**Data segment**
# # #

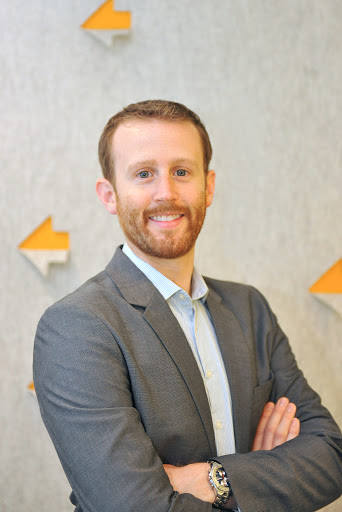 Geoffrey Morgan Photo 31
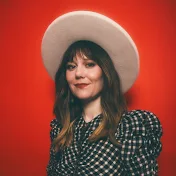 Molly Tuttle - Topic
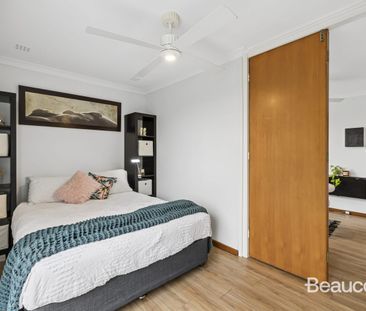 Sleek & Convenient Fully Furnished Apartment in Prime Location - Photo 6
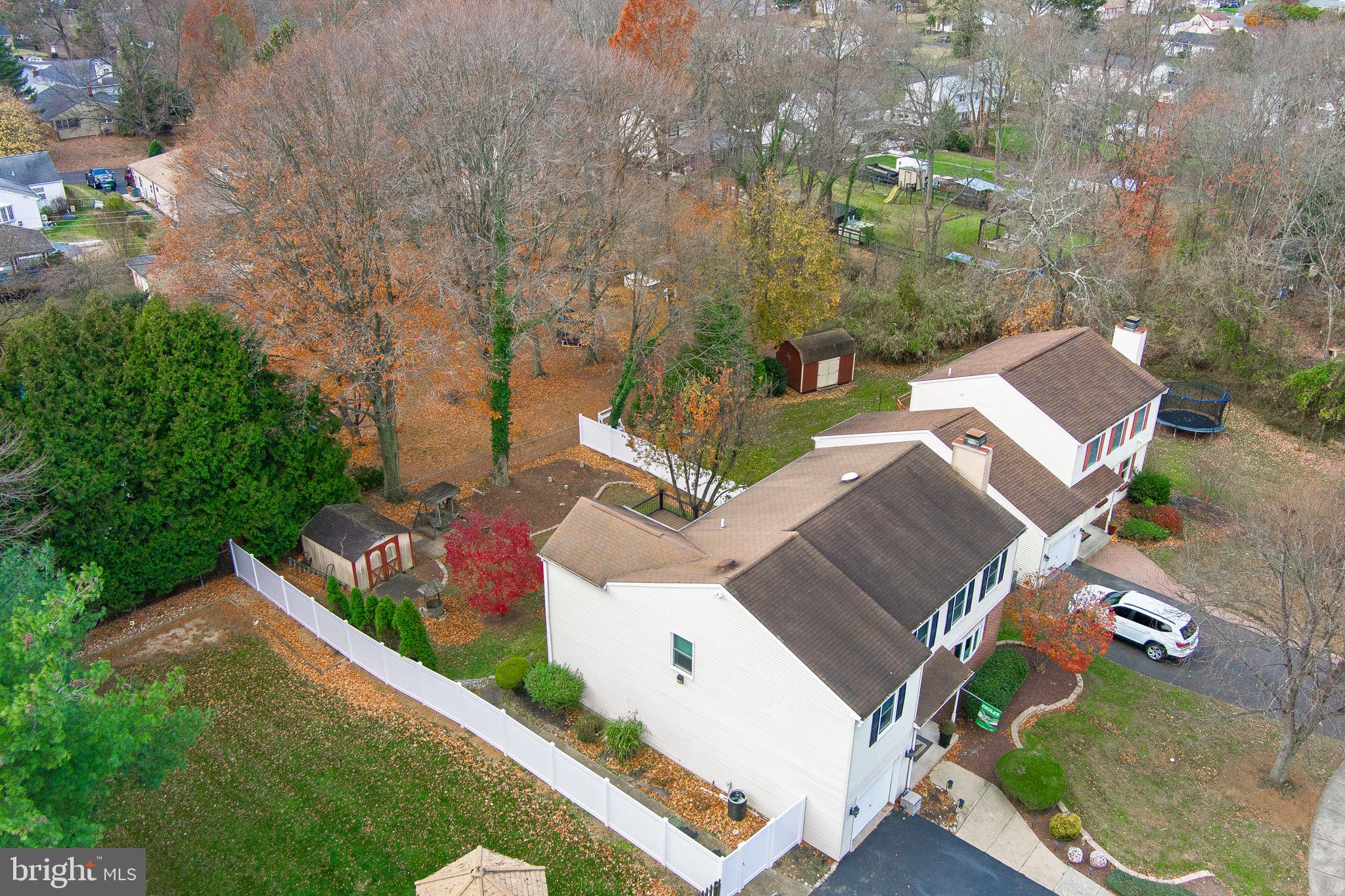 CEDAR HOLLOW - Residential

# # #

**The task**
Drop every image, please, and write out the data above exactly as shown.

**Answer below**
 Geoffrey Morgan Photo 31
 Molly Tuttle - Topic
 Sleek & Convenient Fully Furnished Apartment in Prime Location - Photo 6
 CEDAR HOLLOW - Residential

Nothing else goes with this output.